Jim Smoak (born July 7, 1934[1]) is an American bluegrass and country music banjo player from Louisiana. Smoak may be the first bluegrass banjoist to have come from that state.[2]
Smoak was born and raised on a farm in Round O, South Carolina and learned banjo playing from his parents.[3] He performed on WROL radio when he was eighteen years old.[3] Smoak had a difficult time establishing an audience in his home state, so he moved north in the 1950s. Through 1953, he played occasionally with Bill Monroe & His Bluegrass Boys; the following year, he became a permanent member of the band. Smoak joined Hylo Brown & the Timberliners in 1958, and later began to perform with Arthur Smith and the Cracker Jacks on radio stations WAFB in Baton Rouge, Louisiana and WBT in Charlotte, North Carolina.[3]

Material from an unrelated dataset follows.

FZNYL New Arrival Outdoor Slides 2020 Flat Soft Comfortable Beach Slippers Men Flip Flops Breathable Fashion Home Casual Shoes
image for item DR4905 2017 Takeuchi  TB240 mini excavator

In 1961 he recorded with The Louisiana Honeydrippers the album Bayou Bluegrass on Arhoolie Records.That same year he went solo, recording for the tiny Folk Lyric label.[3]
Smoak played both bluegrass and country music in the 1960s, and in the 1970s, he published three praised banjo instruction books, some of the first to include standard musical notation and tablature.[2] Smoak recorded Moonshine Sonata, a solo album with Blue River Records, in 1979.